- Przegraliśmy mecz przez naszą własną naiwność. W piłce głównie chodzi o efektywność. Jeżeli masz 70 procent posiadania piłki - to jest zupełnie nieważne, jeżeli nie strzelasz bramki. Jesteśmy w klubie, który musi wygrywać trofea. Nie można grać futbolu defensywnego, trzeba mieć kontrolę nad meczem i wygrywać. Kontrola bez wykończenia jest nic niewarta - powiedział po meczu z Zagłębiem Lubin trener Legii, Edward Iordanescu
- Z naiwnością, z jaką gramy, nie ma możliwości, żeby zdobyć tytuł mistrzowski. Zanim odpowiem na więcej pytań, sam muszę znaleźć odpowiedzi na niektóre pytania, bo na niektóre rzeczy mam wpływ, a na niektóre nie.

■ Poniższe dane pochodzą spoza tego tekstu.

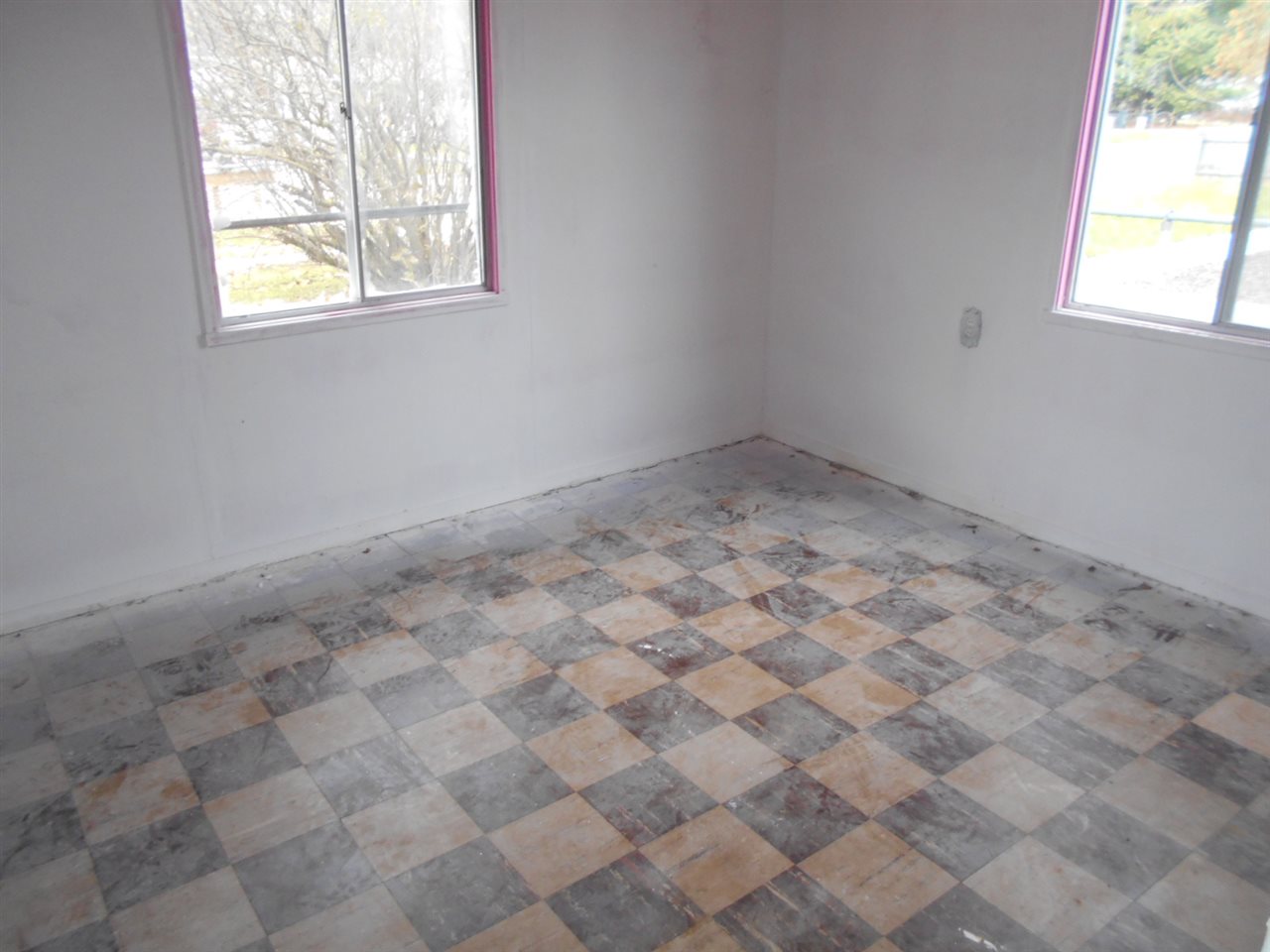 7513 Mildred Road Loves Park, IL 61115 - Photo 6 of 8 Gallery Image 6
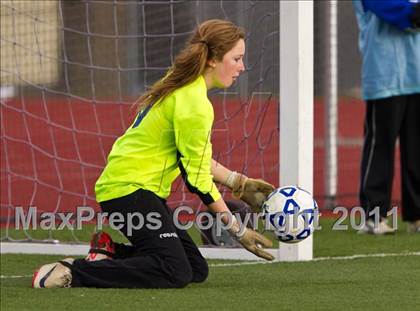 Thumbnail 2 in Hoosick Falls vs Friends Academy (NYSPHSAA Class C Final) photogallery.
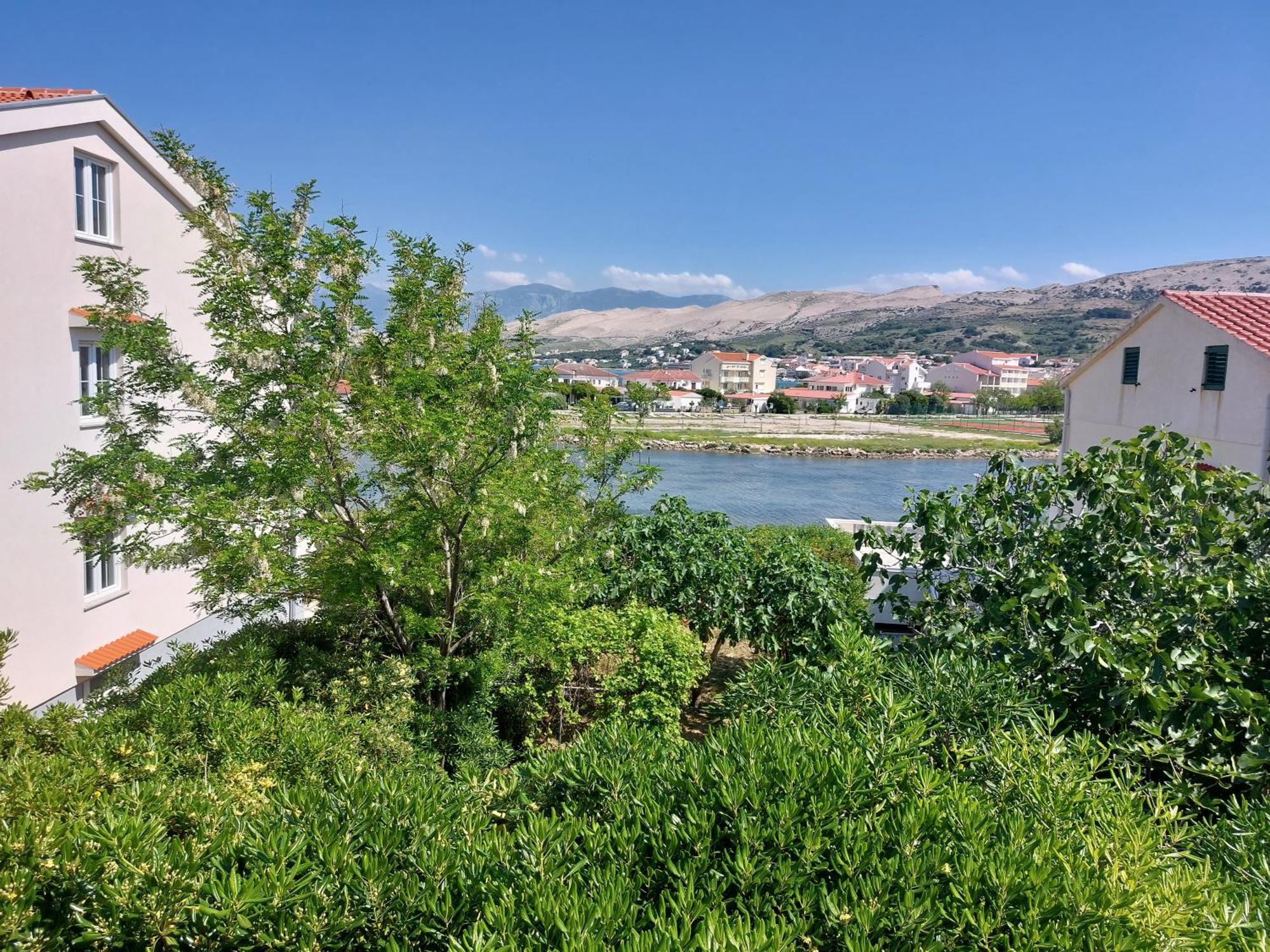 Apartmani Lavanda Pag Town Δωμάτιο φωτογραφία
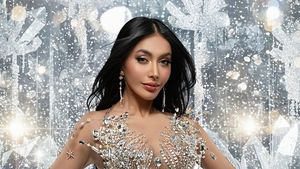 Foto: Gaya Denada Sambut 2026, Seksi Pakai Gaun Menerawang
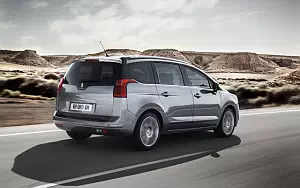   Peugeot 5008 - 2013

- Jeżeli przeciwnik jest trzy razy w naszym polu karnym i tracimy dwie bramki, to owszem, są to sytuacje, które mogą się zdarzyć, ale niezbyt często... Drużyna gospodarzy wykorzystała naszą naiwność, błędy i była bardziej efektywna. Musimy wewnątrz zobaczyć i ocenić, co się wydarzyło. Piłkarze też muszą zrozumieć, że to nie jest wystarczające, że trener będzie ich bronił. W klubie takim jak Legia musisz dowozić, bo oczekiwania i presja są bardzo duże.
- Kamil Piątkowski to świetny zawodnik. Wiem, że teraz bardzo cierpi, ale zbyt dużo punktów straciliśmy po błędach indywidualnych. Są rzeczy, które mogę kontrolować, i są takie, których nie mogę. Zależy mi na zadowoleniu naszych kibiców, przepraszam za to, co zobaczyli w ostatnich tygodniach. Zawsze najważniejszy jest klub, a nie ja.